Who can resist the allure of festive sweeties? From liqueur filled truffles, advent calendar goodies, impulse purchase cookies & choccies to candy canes, the risk of foodborne illnesses like salmonella is ever-present. Just as a mislabelled treat can lead to a recall, so can underestimating the microbiological risk factor. We don’t have to tell you about the number of Salmonella in chocolate and confectionary recalls, especially during these periods of high factory throughput like Easter and Christmas, the stats are out there, and they are very costly to businesses and brands let alone the consumer.

This scenario really highlights the importance of meticulous planning. Of course, this can be one of, if not the busiest times of year for a food manufacturer and also typically aligns with staff holidays and seasonal illness absences. The pressures on factories to keep up with demand can be exhausting and balancing this hectic period with output margins versus the challenges mentioned can be close to impossible at times. Always remember though, it is never a sign of weakness to ask for help.  If you need some specialist advice on managing microbial risks, optimising food safety without compromising too much on efficiency, or measuring your risk, we are always here at the end of the line to help if you need us. We understand it’s a busy time, we have been in your shoes and we are here for you!

Top Tip = When indulging in Christmas treats, be aware of recent recalls and check for any news regarding possible contamination events[3]. Ensure that products are from reputable sources and store them properly, keep an eye on those best before dates, to prevent any mystery illnesses over the holidays.

[3] Recalls and alerts | Food Standards Agency

4. Festive Leftovers

The joy of Christmas often extends beyond the day itself, with leftovers becoming a cherished part of the holiday experience. However, improper storage and handling can turn those delicious remnants into a breeding ground for foodborne illnesses.

In a factory environment we would never imagine leaving food out cooling for longer than the allotted time prescribed in our HACCP plans. Any excursion would be a call to QA and an NCR at least! So why any different at home? The need for ongoing vigilance to prevent post-celebration pitfalls is as real there as it is in any operational setting. When storing leftovers, they should be refrigerated within two hours of serving and consumed or frozen within a few days (make sure labels are freezer safe, or like me have a freezer full of mystery).

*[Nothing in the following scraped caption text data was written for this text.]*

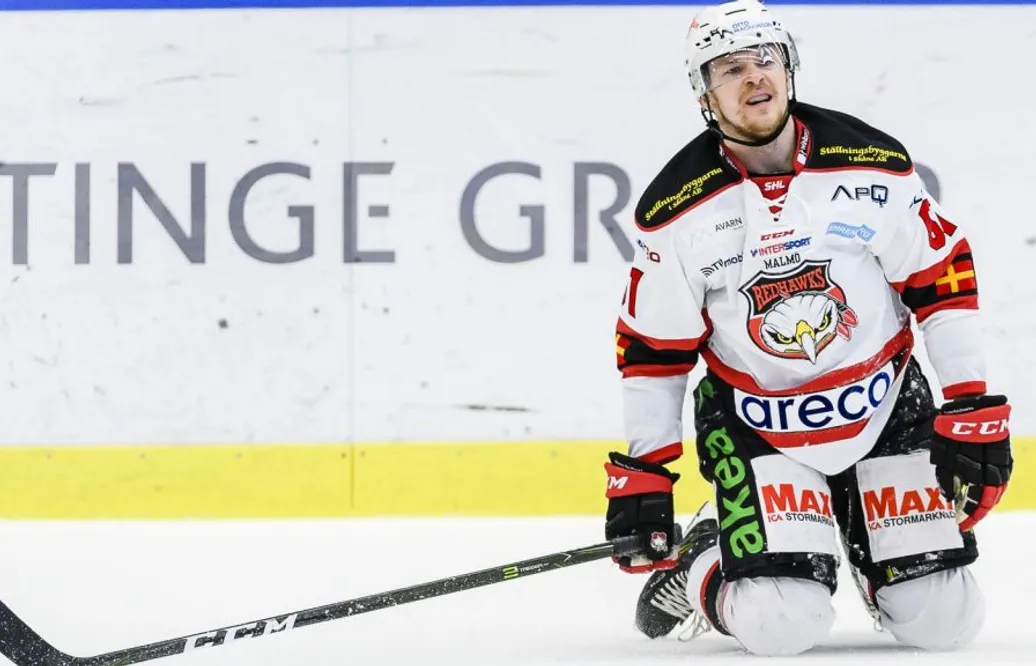 ”Är rätt sugen på att vara kvar i Malmö”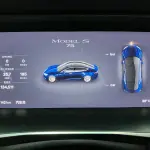 Tesla Model S 2017 из Китая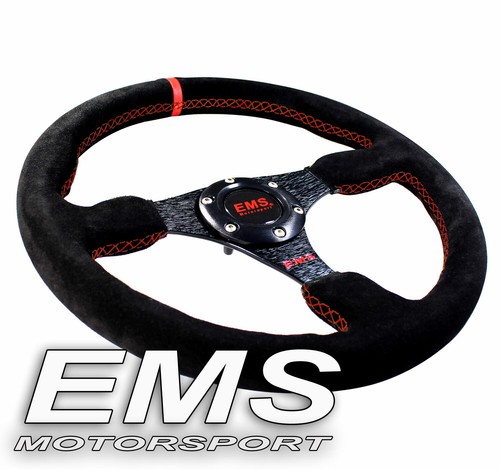 Ems motorsport volante - ems,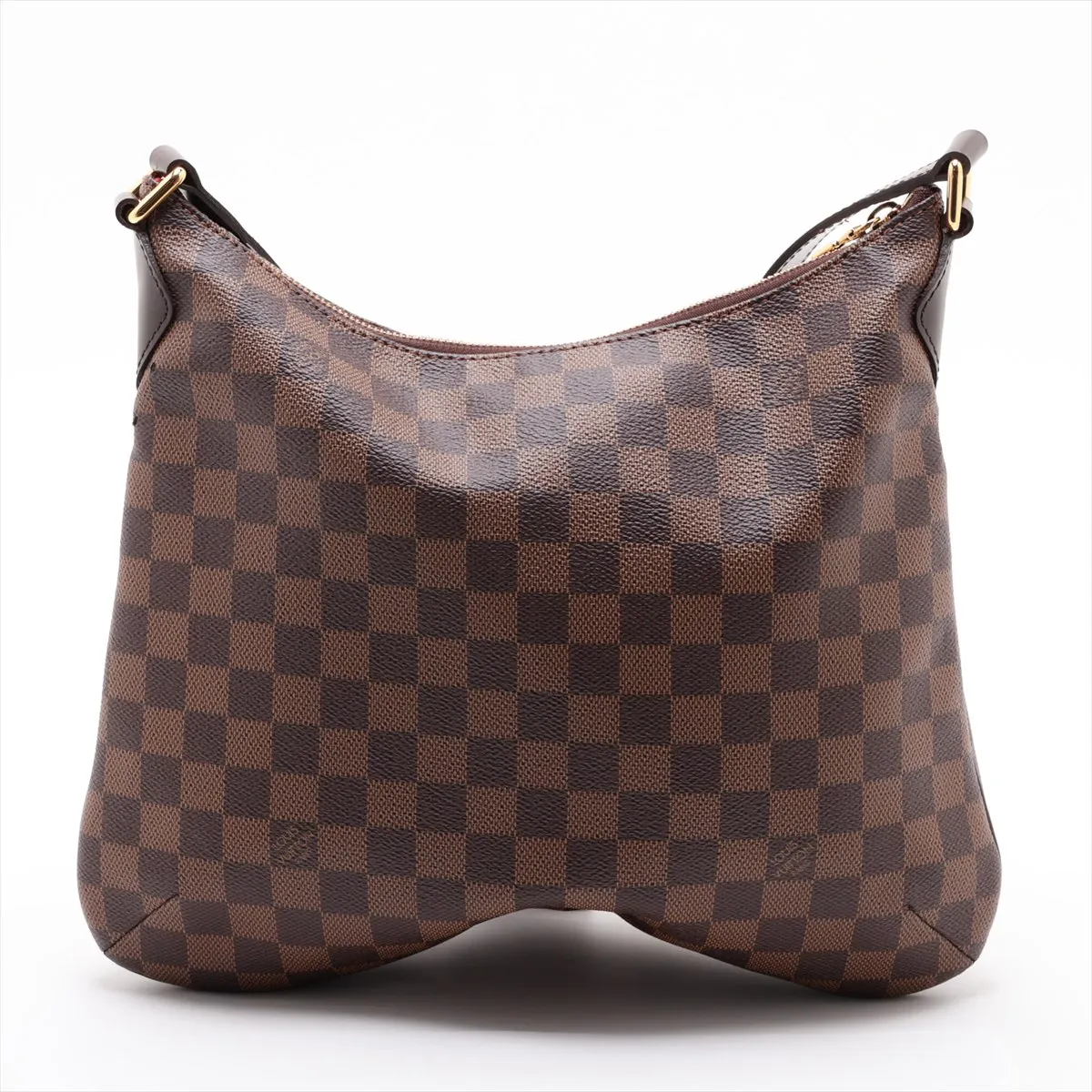 Damier Bloomsbury PM N42251 DU3103 Brown — view 2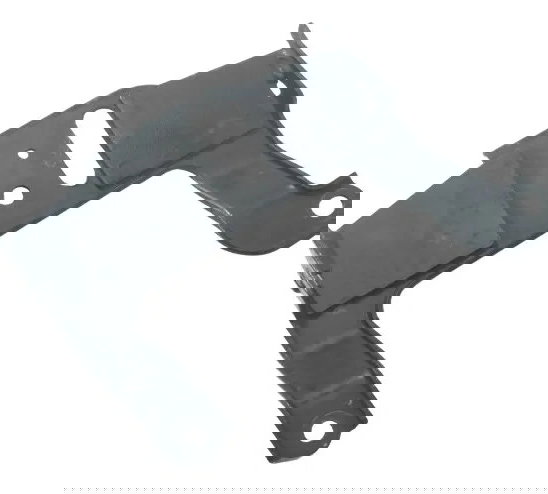 Suporte Trava Banco Honda Cb 500 Cb500 98-05 Original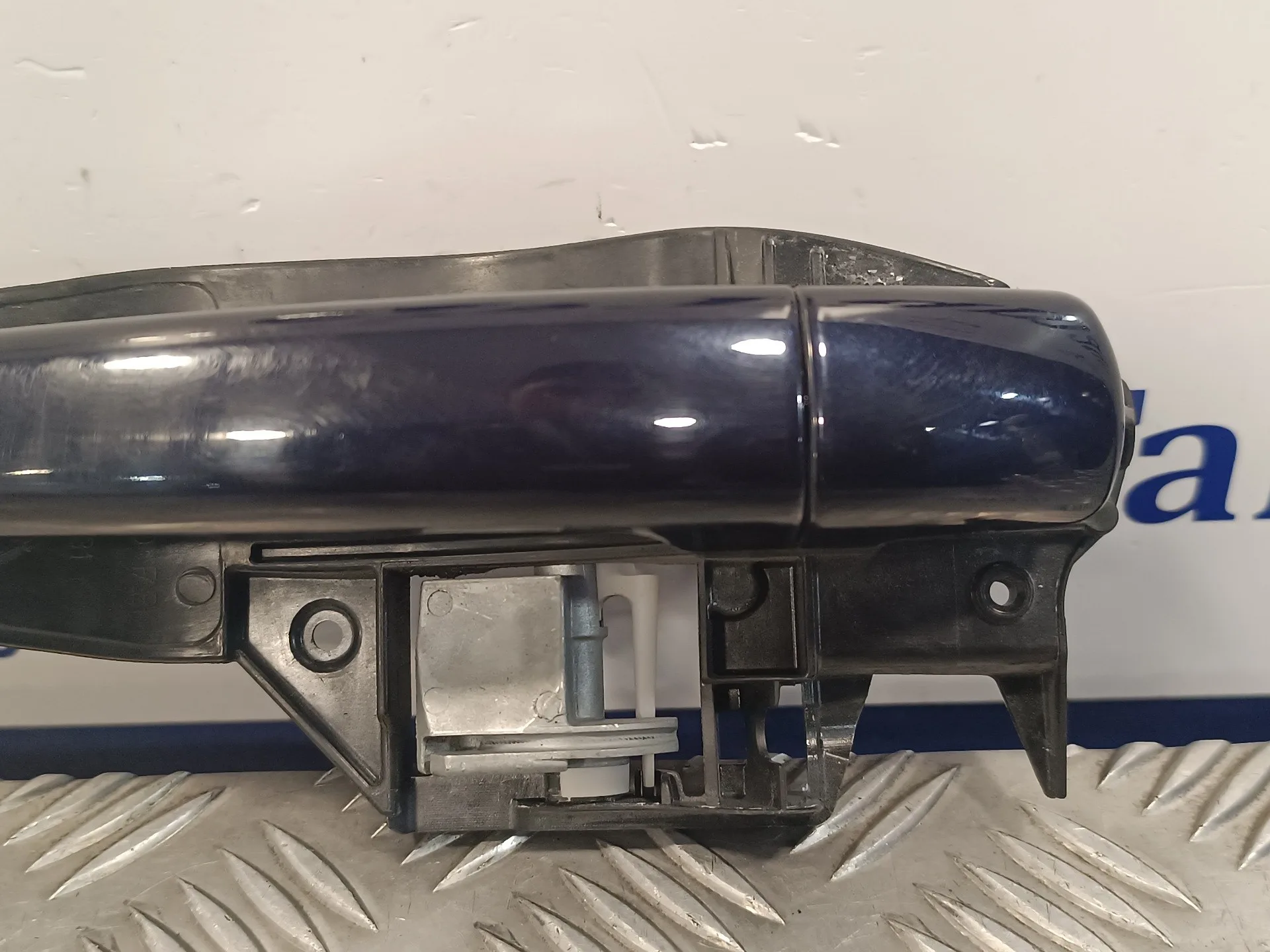 Maneta Exterior Trasera Derecha para Peugeot 208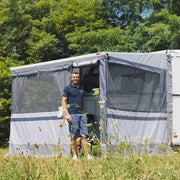 Fiamma Privacy Room Light F80 300 Ducato H2 (08837-01-)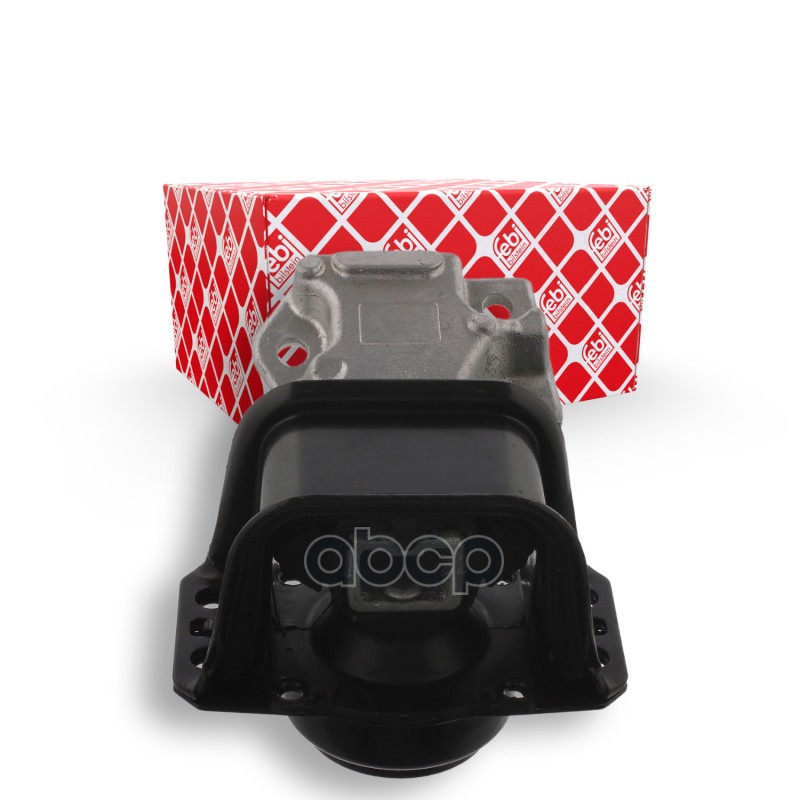 Подушка Двигателя | Прав | Febi арт. 36898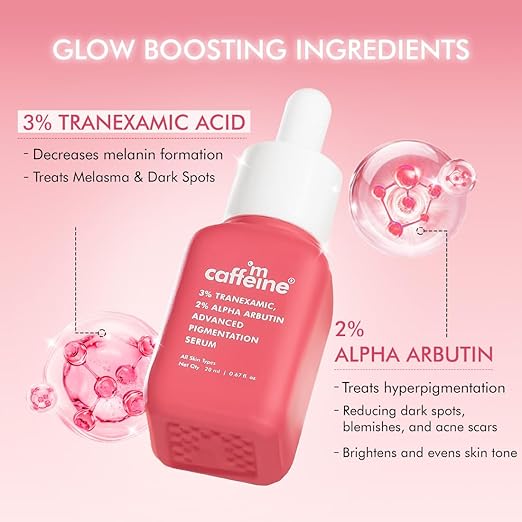 Advanced Pigmentation Serum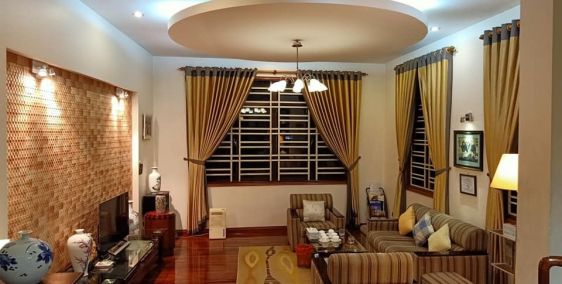 Phong cách đẳng cấp biệt thự Thanh Xuân 130m2 17,5 tỷ. LH KHÁNH TRẦN 0972858666.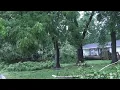 City Utilities urges residents to prepare for power outages during Severe Weather Preparedness We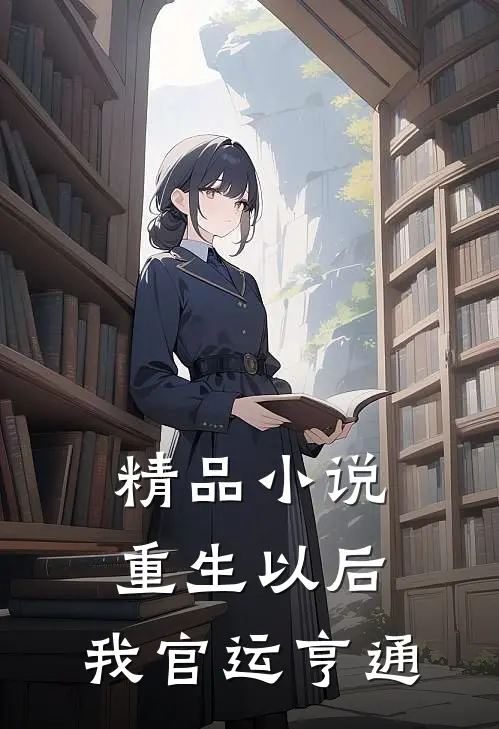 精品小说重生以后，我官运亨通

Top Tip = get yourself some decent labels and a permanent pen (anyone who has been on my training courses will know I love a sharpie) and label up those containers with dates to track freshness and ensure thorough reheating before consuming (back to that temperature probe guys!).

To Conclude...

As we wrap up our festive food safety journey, let’s toast to a Christmas filled with joy, laughter and, most importantly, safe and delicious feasts. By drawing parallels between the potential risks in our home kitchens to those at the operational factories in which many of us work (or at least buy our food via) we’re reminded that attention to detail, continuous improvement and a commitment to safety are essential ingredients for a truly happy and healthy celebration.

Additionally, as we become busier than ever, and this time of year can be super challenging for those of us working in manufacturing, don’t be afraid to ask for help, it is what we are here for!

So, as you embark on your yuletide culinary adventures, remember the food safety principles and banish the 3Cs, ensuring that the only surprises you encounter are the ones nestled beneath the tree, not lurking in your festive fare.

Merry Christmas and a safe, scrumptious celebration to all!